The SBA issued new guidance today which provides that If you and your affiliates combined received less than $2 million in Paycheck Protection Program (PPP) funds, you will be deemed to have made your “need certification” in good faith. Upon application, every PPP borrower was required to make a good faith need certification, which reads:
Current economic uncertainty makes this loan request necessary to support the ongoing operations of the Applicant.
New guidance clears up confusion
Over the last several days, the SBA had issued guidance reminding borrowers that this “need certification” had to be made in good faith, and warning borrowers that if it was not made in good faith their PPP loan should be repaid by May 14, 2020. This May 14 deadline had left many questioning what the SBA would consider in determining if a borrower made the need certification in good faith, and if the PPP should be repaid by tomorrow. The SBA promised more guidance on this issue, which came today in new question 46 in the SBA’s FAQ document.
New safe harbor for those who received less than $2 million in PPP funds
The SBA defined a new safe harbor today in question 46 of its FAQ document:
Question: How will SBA review borrowers’ required good-faith certification concerning the necessity of their loan request?
Answer: … SBA, in consultation with the Department of the Treasury, has determined that the following safe harbor will apply to SBA’s review of PPP loans with respect to this issue: Any borrower that, together with its affiliates, received PPP loans with an original principal amount of less than $2 million will be deemed to have made the required certification concerning the necessity of the loan request in good faith. …

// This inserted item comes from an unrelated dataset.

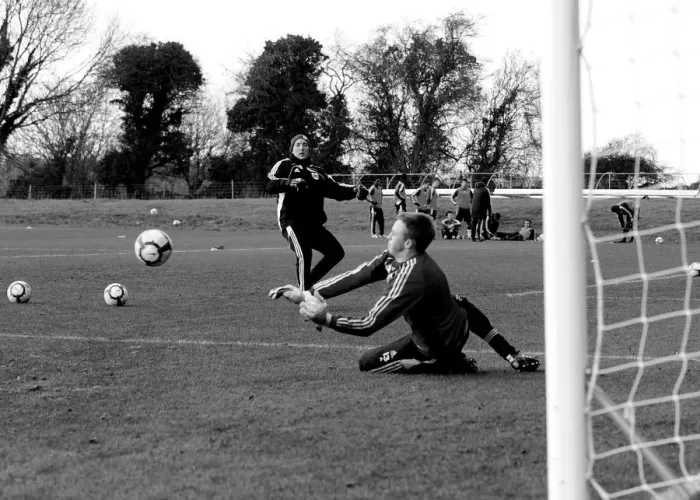 Framed Print : Bristol City FC: Academy Training - Season 10-11: Nurturing Talent in the First Team Framed Print : Bristol City FC: Academy Training - Season 10-11: Nurturing Talent in the First Team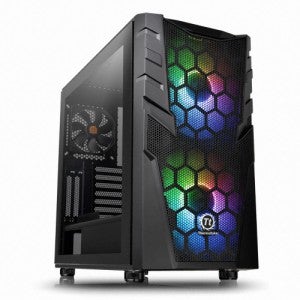 써멀테이크 Commander C32 TG ARGB 에디션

Purpose of less than $2 million safe harbor
The answer to FAQ 46 goes on to explain the reasons for this new safe harbor, including:
- Those with PPP loans under $2 million are generally less likely to have had access to adequate sources of liquidity in this economic environment than those with larger loans
- As PPP borrowers with more limited resources work to retain and rehire employees, this safe harbor will provide greater economic certainty
- This safe harbor enables the SBA to focus its limited resources on larger loans, “where the compliance effort may yield higher returns”
Treatment of borrowers who received more than $2 million
While the answer to FAQ 46 acknowledges that those with PPP loans over $2 million may be able to show that their need certification was made in good faith, it also reiterates that the SBA will review all PPP loans in excess of $2 million. And, it provides that if the SBA determines that that the borrower “lacked an adequate basis” for the certification, then the borrower must repay the loan and will not be eligible for loan forgiveness. It further provides that if the borrower then repays the loan, the SBA will not pursue administrative enforcement.